Наташа не могла помочь сестре, которая отгородилась ото всех. Стала нервной, непредсказуемой, жестокой с близкими, насмешливой. Она лютой ненавистью возненавидела математичку, которая активно собирала деньги на лечение Владимира. Металась, пытаясь устраниться, но завидуя той жизни, которая шла параллельно ей. Она не хотела помощи, не желала советов. Но, возможно, ей нужно было выспаться, а на утро встать прежней, полной сил. Обстоятельства загоняли ее в это самое черное болото, где Оля замыкалась в границах времени. В мыслях она была с любимым мужчиной, ласкала его, ухаживала за ним.
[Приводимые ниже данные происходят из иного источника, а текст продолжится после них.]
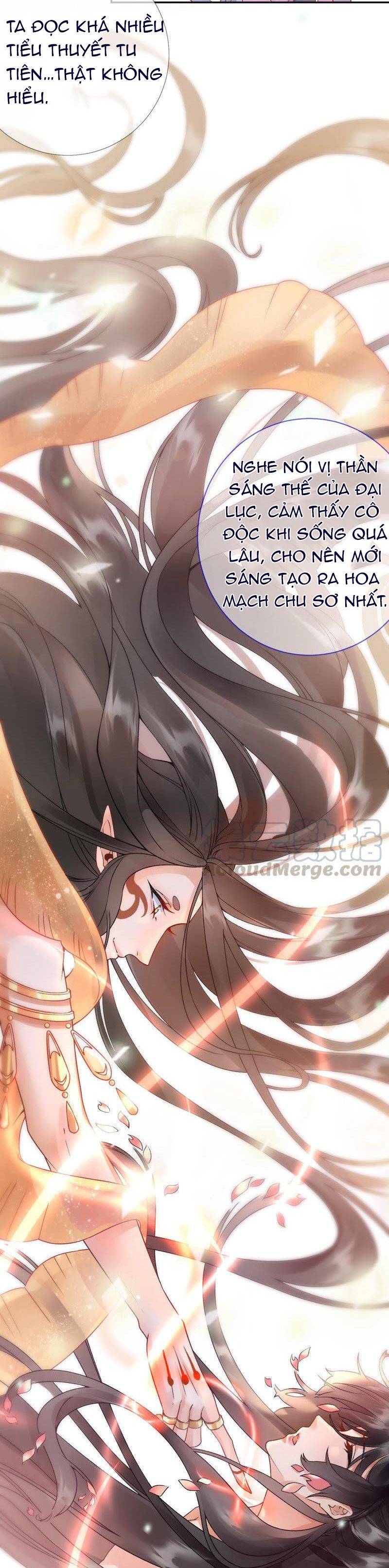 Xuyên Về Cổ Đại Làm Nữ Phụ Vô Dụng - Chap 40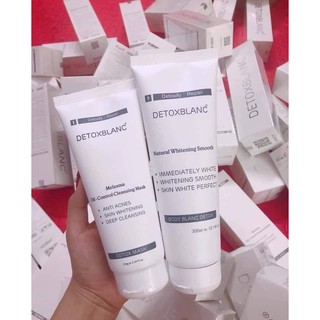 Mặt Nạ Thải Độc Trắng Da Detox Blanc Mask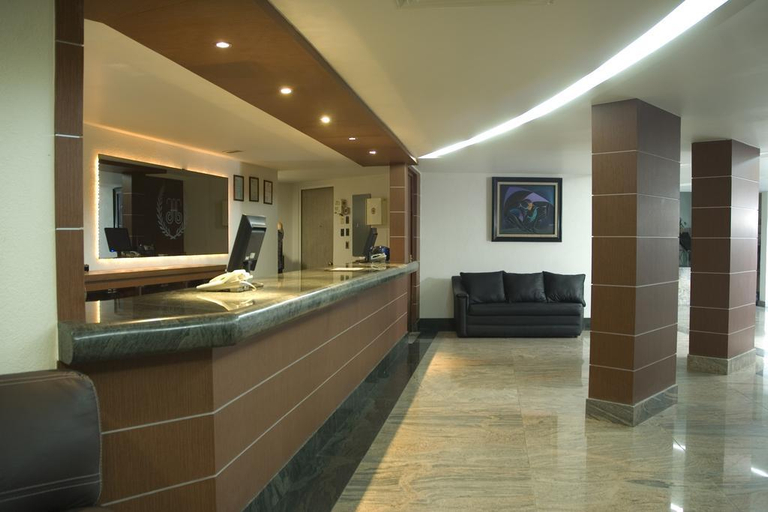 Public Area 3, Hotel Astor, Mexico City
Ей снились потрясающие сны, и она просыпалась в слезах, готовая бежать к нему и на коленях вымаливать прощение.

Это был порыв. И Наташа знала о чувствах сестры. Наблюдала, слушала и не одобряла. Но понимала и со страхом осторожно благодарила бога, что такое горе приключилось не с ней.
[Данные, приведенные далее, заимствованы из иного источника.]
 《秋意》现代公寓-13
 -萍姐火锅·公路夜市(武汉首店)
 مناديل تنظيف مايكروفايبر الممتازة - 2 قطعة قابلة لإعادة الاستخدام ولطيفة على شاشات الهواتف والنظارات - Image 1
А Оля вытирала слезы, надевала на лицо маску хладнокровия и шла в школу. Ее терзала и мучила гордость, глядя на измученную, но счастливую математичку. Но она не хотела опускаться до уровня просьб и собирания денег с посторонних людей, которым было все равно, они испытывали лишь жадное любопытство. Им хотелось досконально изучить внешность человека, который совсем недавно был успешен и красив. И Оля считала, что математичка мерзкая, и унизительно собирать жалкие гроши с учеников и прохожих на улицах. Она не верила в добрых людей. Да и чем могут помочь эти несколько сотен рублей, если на лечение требуются тысячи? Оля собиралась держаться от всего этого в стороне. Она любому случайному обстоятельству уделяла внимание, переворачивая с ног на голову, отрицая сострадание, помощь, заботу. Она пребывала в состоянии какой-то опасности. Мышцы были напряжены, под глазами пролегли тени, сердце то замирало, то билось, как сумасшедшее.
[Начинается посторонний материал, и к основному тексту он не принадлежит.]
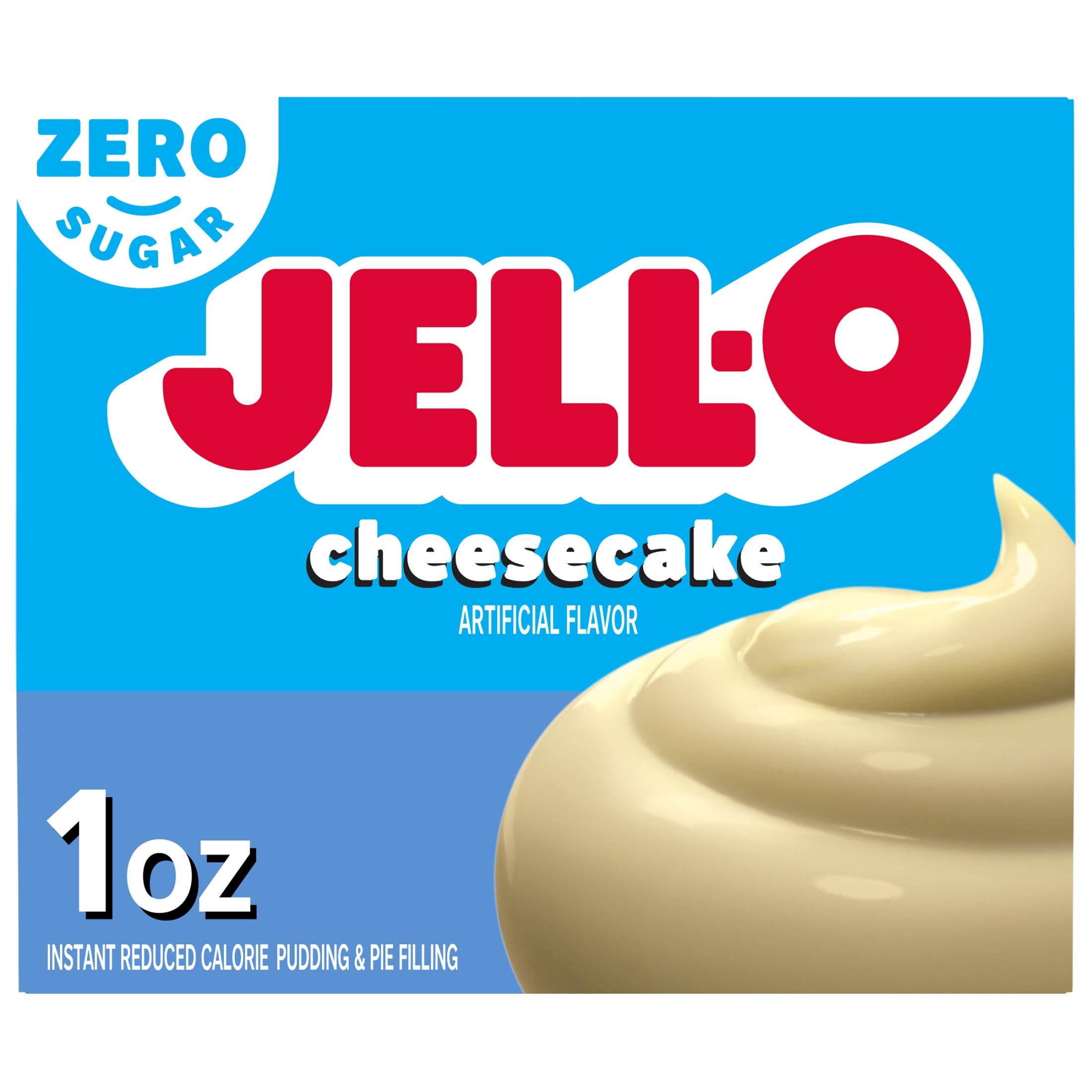 Jell-O Sugar Free Cheesecake Pudding Mix for Office Snacks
Если бы мама в то время заглянула своей старшей дочери в мысли, то пришла бы в ужас. Девушку безоговорочно отвели бы к врачу, потому что здесь определенно требовалась медицинская помощь. Наташа не могла вмешиваться. Она была слишком испугана переменой в сестре, ее метаниями. И помощи оказано не было. Оля тоже, как и Владимир, подверглась необратимому разрушению. Только процесс происходил внутренний, жестокий и болезненный. Он ломал внутренности, гнул, выворачивал кости, жег каленым железом мозг и сердце.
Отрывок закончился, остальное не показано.